Apart from finally sharing data I created such a long time ago, I hope this little project can do a number of useful things: showcase the York cause papers as a source, provide a useful resource for research into early modern defamation, slander, gossip and reputation, and encourage other researchers to do similar things with their old research stuff.

Record Linkage: project workshop and work in progress


We’re holding an afternoon workshop on record/data linkage in Sheffield on 4 November. The aim is to explore the challenges and rewards of applying automated nominal record linkage to large-scale historical datasets, with all their variability, fuzziness and uncertainties, but we’d also very much welcome participants and insights from all fields concerned with data linkage including social sciences, health sciences and computer science. In addition to presentations about our work in progress on 90,000 19th-century prisoners and convicts, we have guest speakers who will bring extensive experience of historical record linkage projects to the discussion. It’s free to attend and anyone with an interest, at any stage of their academic career, is welcome (I’d particularly love to see plenty of PhD students!). More info can be found on our website here (and there’s also a programme to download).

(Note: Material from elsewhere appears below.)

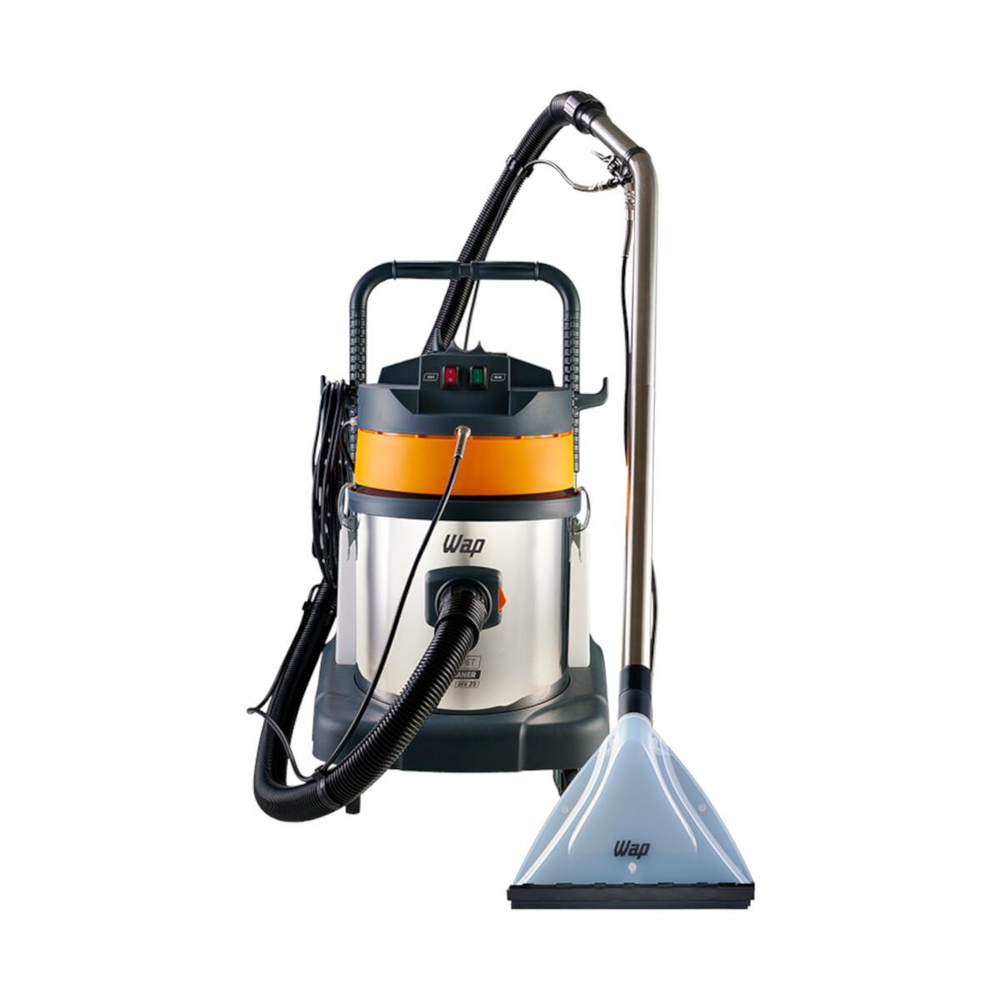 Extratora de Sujeira Carpet Cleaner Pro 35 1600W 127V Wap Extratora de Sujeira Carpet Cleaner Pro 35 1600W 127V Wap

Record linkage is really at the heart of the Digital Panopticon project’s goals to explore the impact of the different types of punishments on Old Bailey Online defendants between about 1780 and 1875 (along with working on data visualisations for exploring, presenting and communicating the data and research findings). Our research questions include: How can we improve current record-linkage processes to maximise both the number of individuals linked across different datasets and the amount of information obtained about each individual? What is the minimum amount of contextual information needed in order to conduct successful large-scale record linkage of data pertaining to specific individuals?

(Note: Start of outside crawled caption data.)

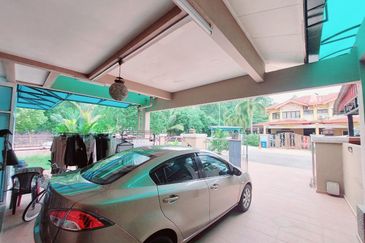 Taman Subang Permata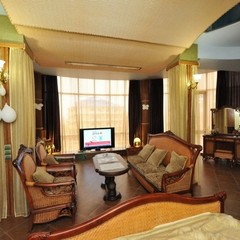 Гостиница HOLIDAY, Лазаревское, Краснодарский край
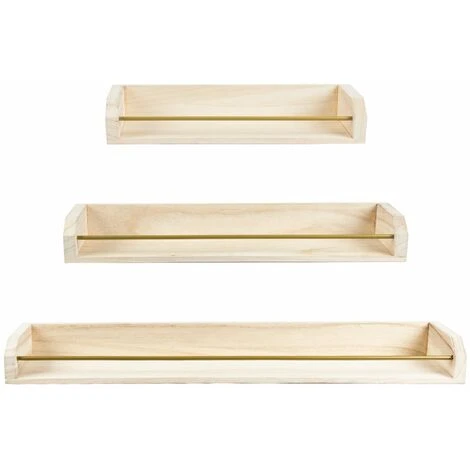Étagère En Bois Ekby Étagère Murale 3 Pièces Sans Réserve Entretien Facile 3 Étagère En Bois Ekby Étagère Murale 3 Pièces Sans Réserve Entretien Facile
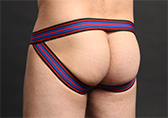 GBGB Streamline Sheer Jockstrap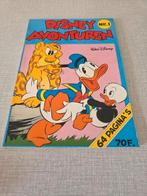 Disney Adventures n 1, 1ère édition., Enlèvement ou Envoi, Comme neuf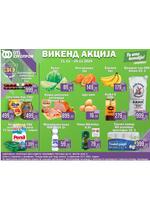 Vikend akcija Katalog Akcija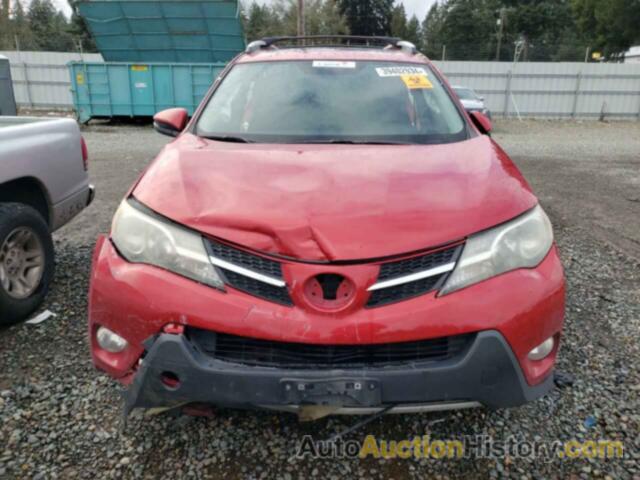 TOYOTA RAV4 XLE, 2T3RFREV9EW134538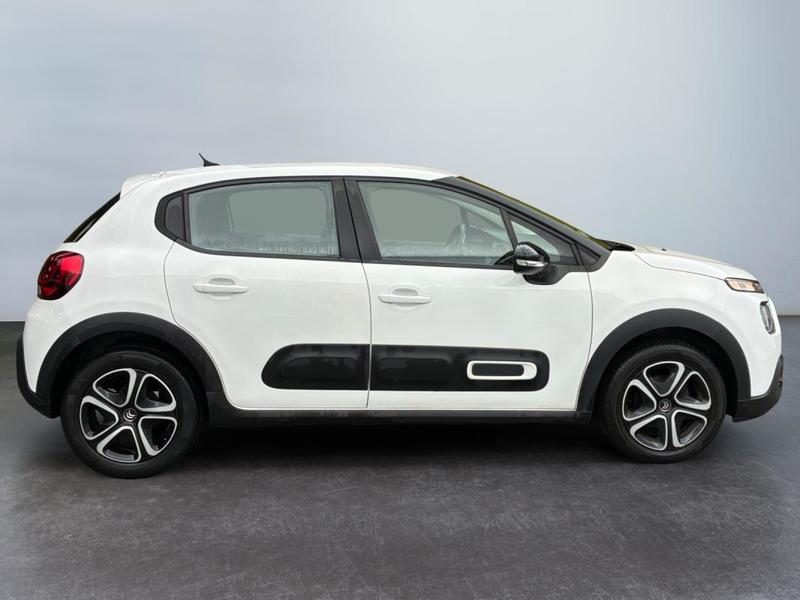 Citroën C3 Societe Bluehdi 100 s&amp;S Bvm Feel Nav
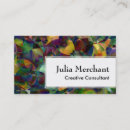Search for statement business cards Bold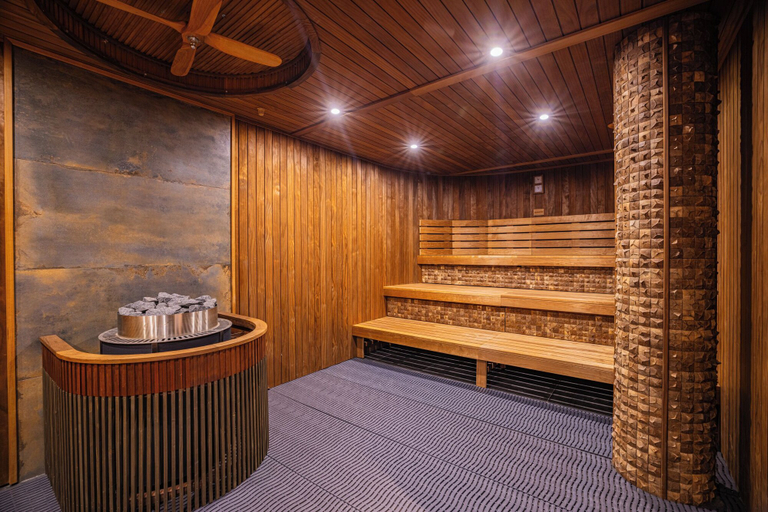 Sauna 2, BIRGÉS HOTEL Lifestyle and View, Balatonfüred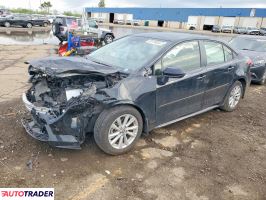 Toyota Corolla 2025 1
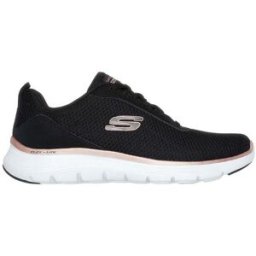 Sneakers Nere Vegan Skechers Flex Appeal 5 - Uptake 38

I’ve blogged in the past about problems associated with historical record linkage where you don’t have handy unique IDs (like, say, National Insurance numbers): names are often crucial but are highly problematic, and problems with a source like Old Bailey Online that tells us about sentences but not actual punishments. Those are among our biggest headaches with Digital Panopticon.

There are a lot of missing people when we link OBO to transportation records, and a lot of possible reasons for linking to fail. There might be errors in the data created at almost any point between the making of the original source and our production of a specific dataset to feed to the computer: eg, if you’re extracting a London-only subset from a national dataset and you’re not careful, you might also end up with records from Londonderry. Oops. (“You” there is an euphemism for “I”. )

Then there are problems caused by spelling variations in names, or the use of aliases and different names. And the problem of common names. As I blogged before: “How do you decide whether one Robert Scott is the same person as another Robert Scott, or someone else altogether?” But that gets much worse when the name in question is “Mary Smith”.

And the fails that are due to the gaps in our data: Were they pardoned? Did they die in prison or on the hulks before they could be transported? And so we are on a quest to track down sources that can tell us these things and fill the gaps (not all of which have been digitised; some of which have probably not even survived, especially from the 18th century).

Irreconcilable conflicts can emerge between different sources (eg, different trial dates and places). At this point we have to turn to the specialist knowledge of the project team on how, when and where particular sources were created so we can attempt to rate the relative reliability of two conflicting sources. But how are we going to handle those weightings when we’re dealing with  thousands of people and the links are all probables anyway? (Just because source A is generally more reliable for a certain piece of information than source B doesn’t mean A is always right and B is always wrong if they’re in conflict.)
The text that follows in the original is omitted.